Top dancers from all around the country are paired with famous actors, singers, athletes, or any well known celebrity. The dancers then have weeks of training with their partner, and perform a different dance each week, all styles of ballroom. They perform the cha cha, the mambo, the fox trot; all dances Fred Astaire polished to perfection. This past March, Dancing with Stars received 11. 8 million viewers in one night, and was ranked Monday’s most watched television show for two weeks in a row (“Dancing with the Stars” Stands Monday’s Most Watched Program).

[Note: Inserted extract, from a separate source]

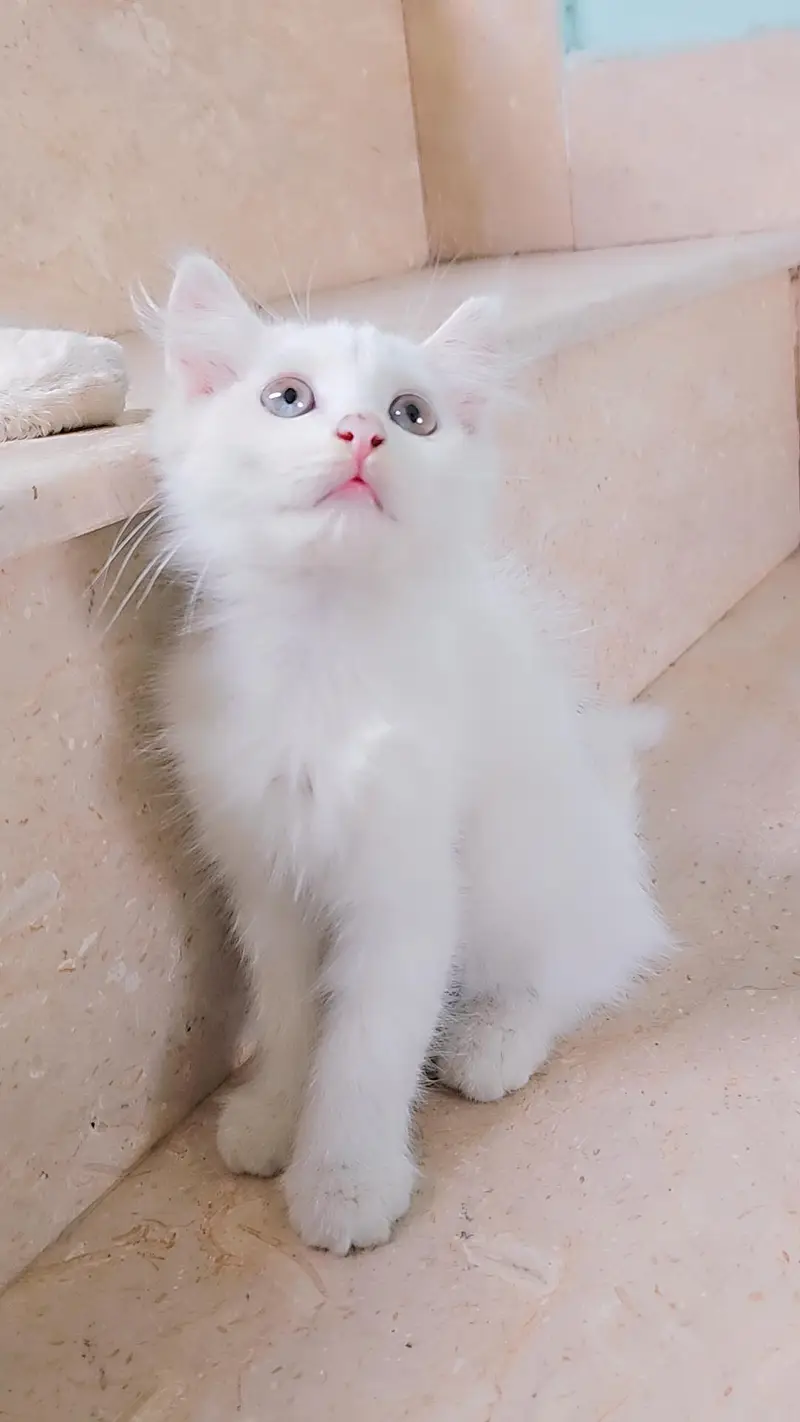 White Persian type Female kitten with Unique Blue&Yellow mixed Eyes — photo 3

Without Fred Astaire’s innovative idea to film dance in a way that people could enjoy to watch while staying in the comfort of their own home, film dance would not be as popular or considered the great art form that it is today (Kisselgoff). Fred Astaire was most known during the ballroom era, and was the leading figure of it. He showed the dance world that there did not need to be intricate props on stage for ballroom dance to be interesting, just a stage and two dancers that had a love for dance and for each other which is what set him apart from everyone else.

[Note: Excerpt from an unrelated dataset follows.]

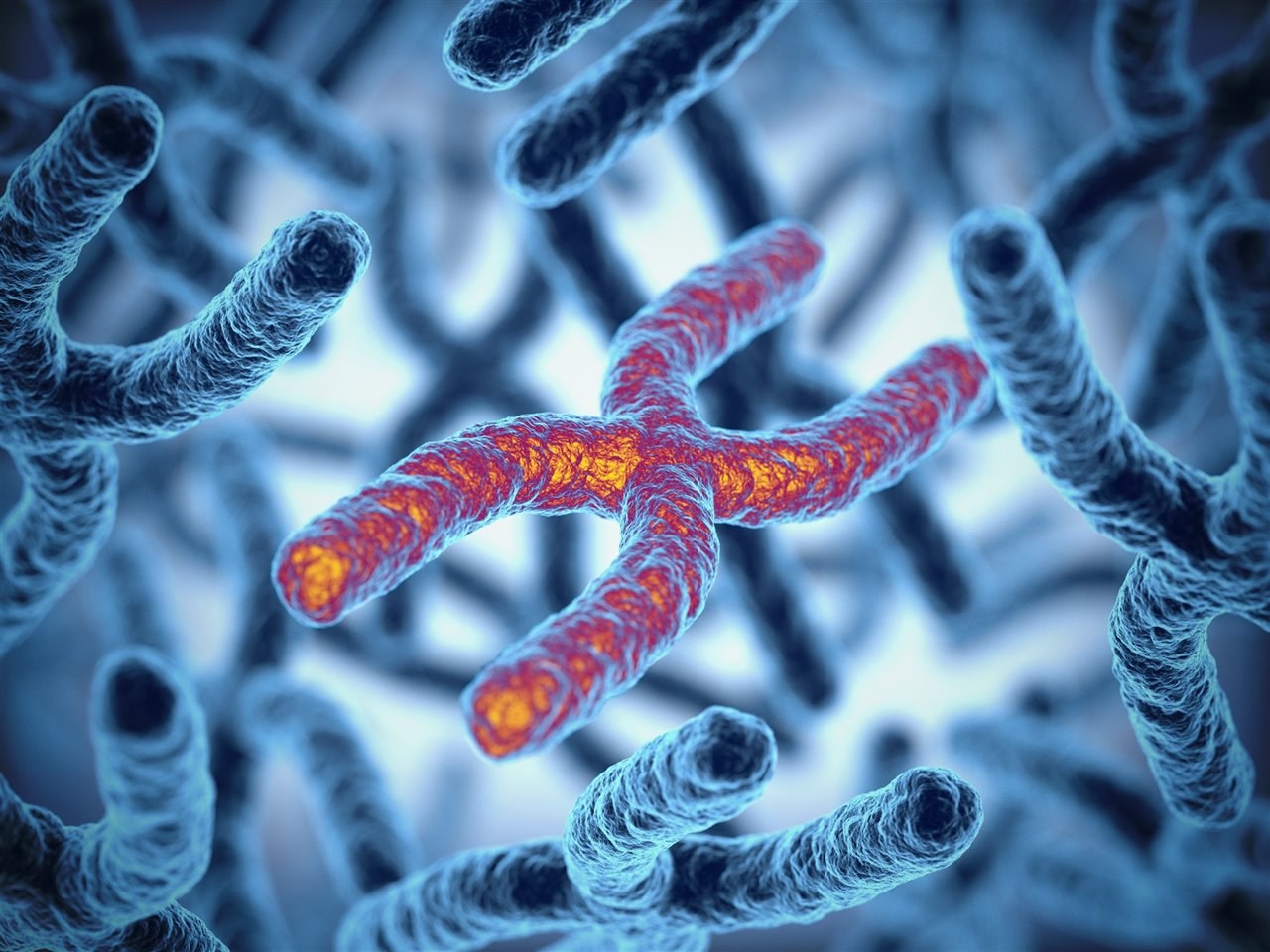 3D illustration of a chromosome with its telomere tips glowing orange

Ballroom still goes side by side with Astaire’s technique that he introduced when he was a star of dance considering “his technique, incorporating tap, ballet and ballroom, was impeccable in terms of the dance image he invented for himself” (Kisselgoff). In today’s world, Fred Astaire is still recognized for the way he changed ballroom into a seamless and elegant, yet detailed genre of dance during his time. There are multiple ballroom studios around the Unites States that recognize themselves under the name of Fred Astaire.
These studios encourage students, that they too can learn the flawless technique of ballroom dance that Fred Astaire has perfected (Fred Astaire Dance Studios). Studio’s use Astaire’s name to be able to entice dancers to go to their studios, since he was such a famous icon during his time and his name continues to help popularize dance. On June 22nd, 1987, the world lost one of it’s most dedicated and beyond talented performers to step on to stage. Fred Astaire died from pneumonia, and was buried in the Memorial Cemetery in Chatsworth, California.
The world responded to Astaire’s death in sorrow. President Reagan said: “Nancy and I are deeply saddened by the loss of a very dear friend. Fred Astaire, an American legend, has died. We join the entire nation in mourning his passing, and our heart-felt sympathies are with his wife, Robyn, and his family” (Shepard). Fred Astaire won over America’s heart and continues to popularize dance through his phenomenal execution of ballroom dancing and his innovative way of filming dance to appeal to bigger audiences. Fred Astaire was able to create a name for himself that no one else could top.